◆ Task directions
Look below for the line with "Istanbul Turkey February" and the line with "Büro Wandgestaltung - Tukan"; repeat exactly those two lines and all lines between them, but no pictures.

◆ Available data
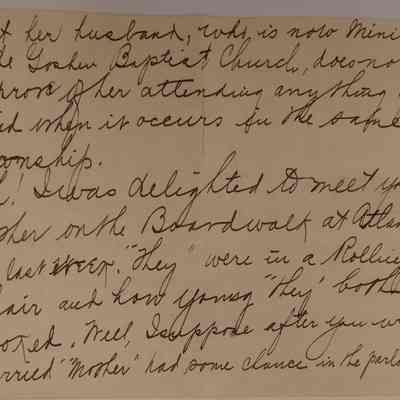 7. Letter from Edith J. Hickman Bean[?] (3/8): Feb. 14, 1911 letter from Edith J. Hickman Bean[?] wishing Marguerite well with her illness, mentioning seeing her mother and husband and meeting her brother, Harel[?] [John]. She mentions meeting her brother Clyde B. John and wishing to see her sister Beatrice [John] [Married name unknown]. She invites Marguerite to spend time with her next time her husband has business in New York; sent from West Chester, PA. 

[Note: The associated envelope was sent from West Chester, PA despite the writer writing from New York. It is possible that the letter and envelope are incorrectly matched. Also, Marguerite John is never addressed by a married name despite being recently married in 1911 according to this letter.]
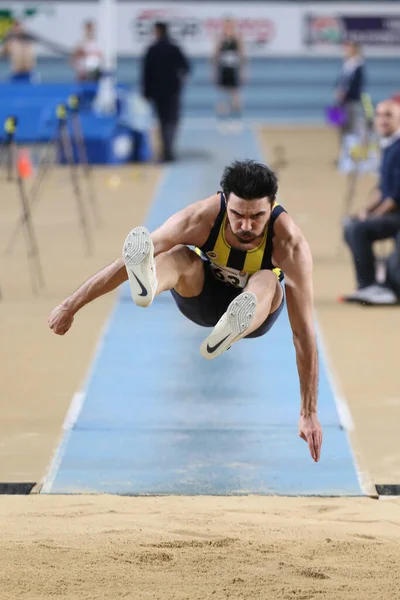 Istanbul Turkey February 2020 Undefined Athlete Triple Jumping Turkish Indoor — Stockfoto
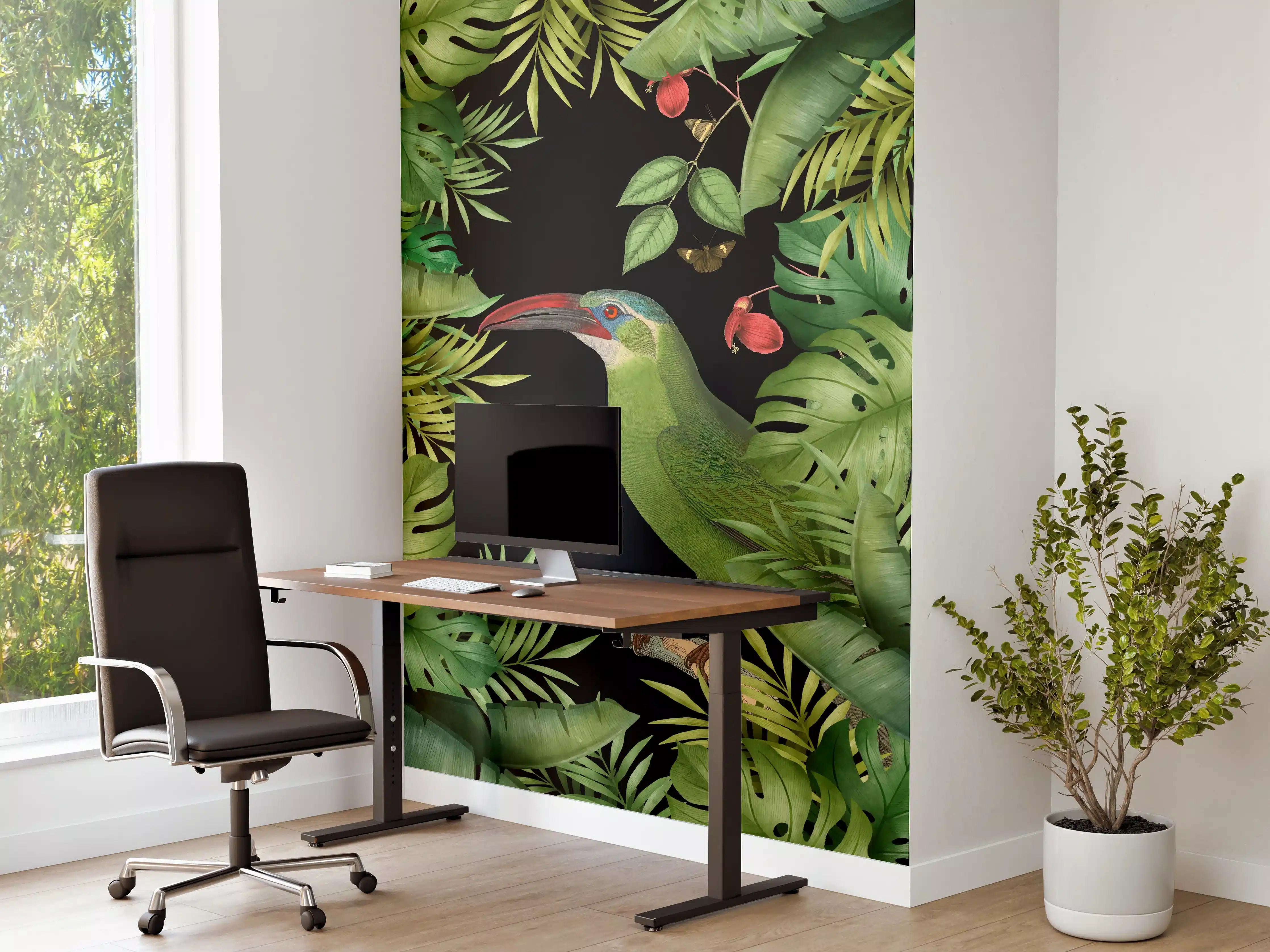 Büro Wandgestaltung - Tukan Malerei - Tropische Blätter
---
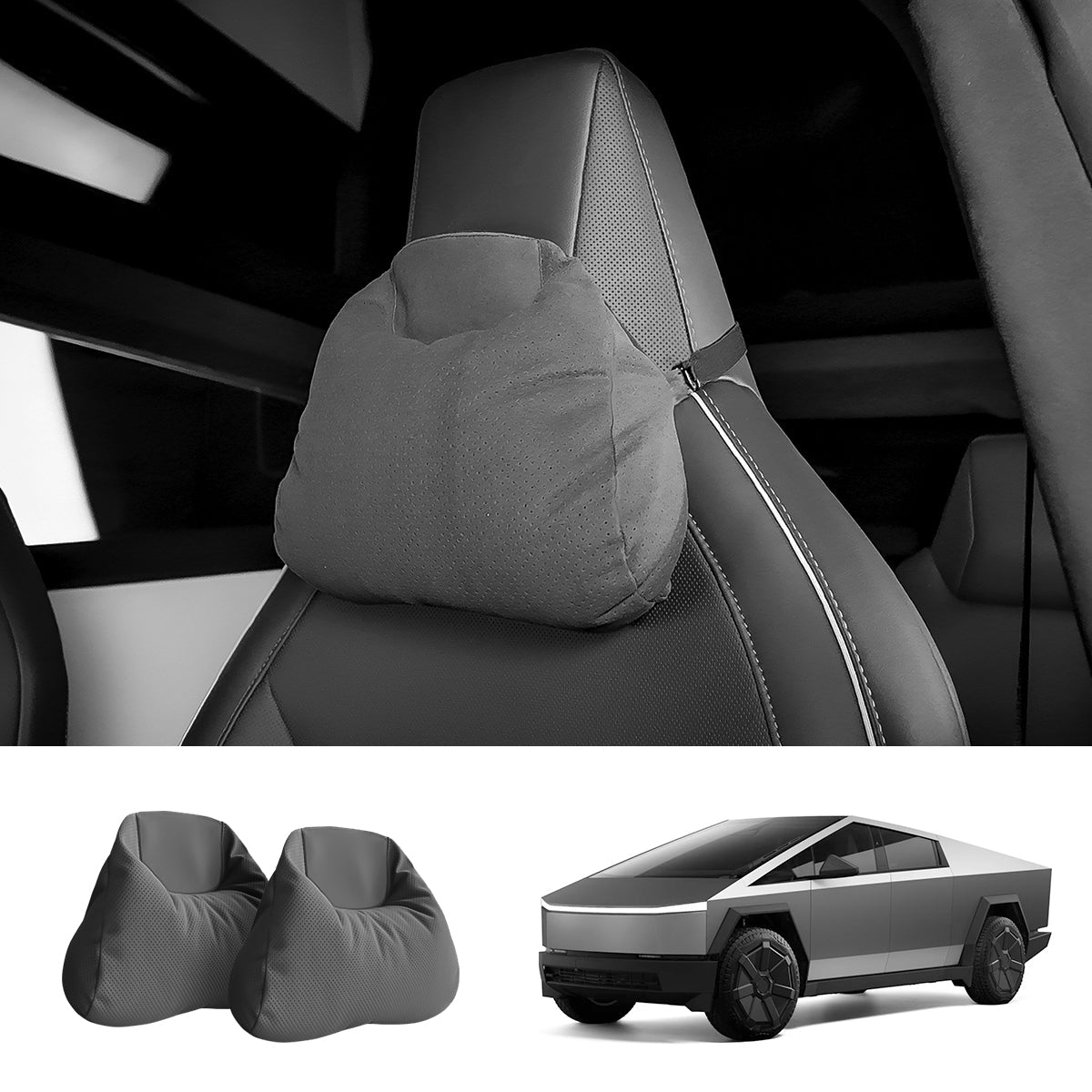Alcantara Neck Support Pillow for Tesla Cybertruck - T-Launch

◆ Exercise response
 Istanbul Turkey February 2020 Undefined Athlete Triple Jumping Turkish Indoor — Stockfoto
 Büro Wandgestaltung - Tukan Malerei - Tropische Blätter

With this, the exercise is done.